- WORK REQUEST: Pictures are to be excluded. Please print only the lines from the one containing "Macro detail of" through the end of the data, exactly as they appear.

- INPUT DATA:
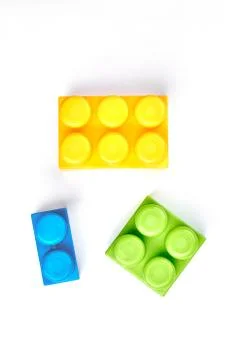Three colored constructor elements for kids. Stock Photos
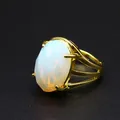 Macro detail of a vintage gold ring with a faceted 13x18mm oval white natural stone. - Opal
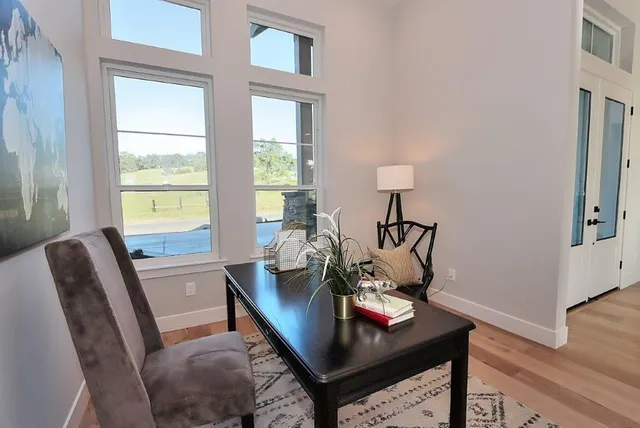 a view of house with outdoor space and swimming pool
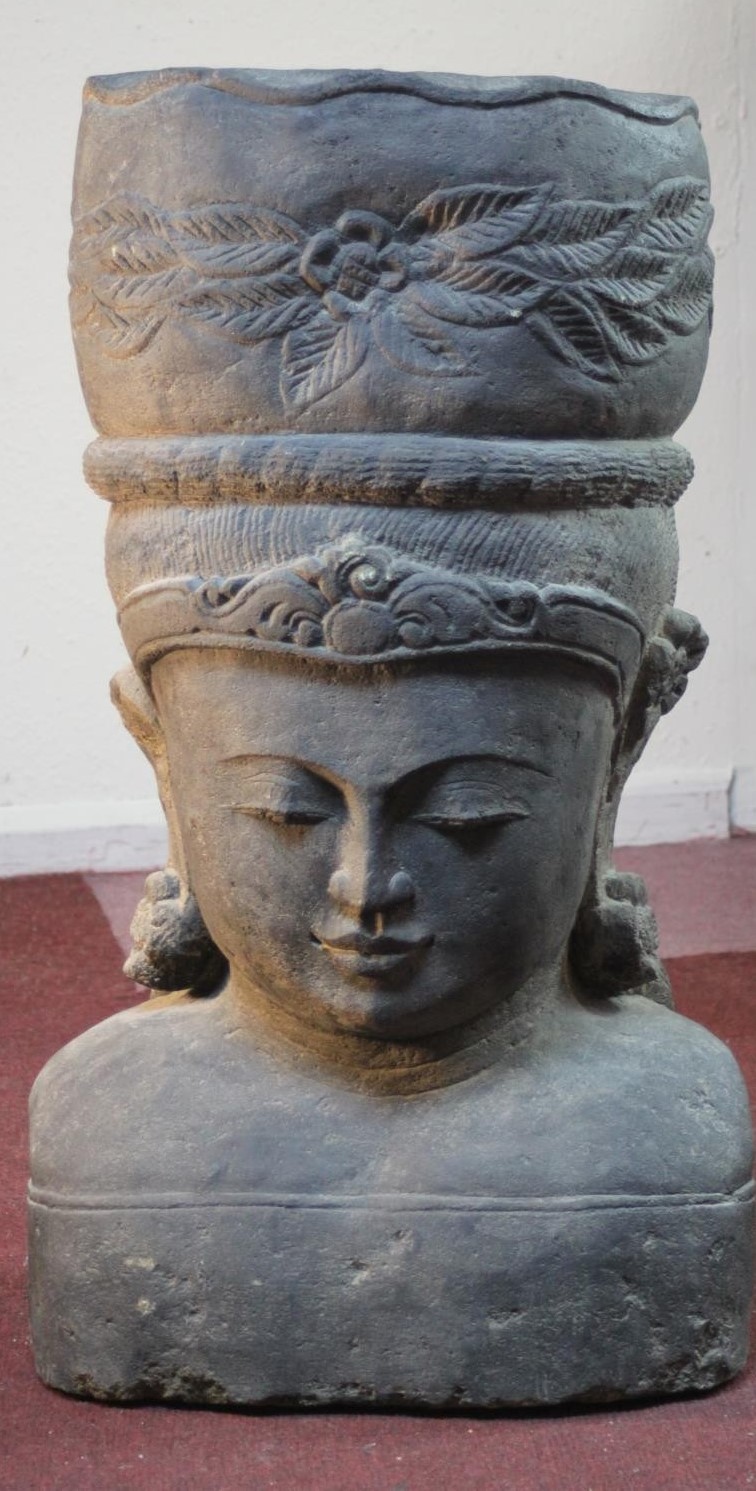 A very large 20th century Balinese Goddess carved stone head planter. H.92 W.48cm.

- SOLUTION BELOW:
 Macro detail of a vintage gold ring with a faceted 13x18mm oval white natural stone. - Opal
 a view of house with outdoor space and swimming pool
 A very large 20th century Balinese Goddess carved stone head planter. H.92 W.48cm.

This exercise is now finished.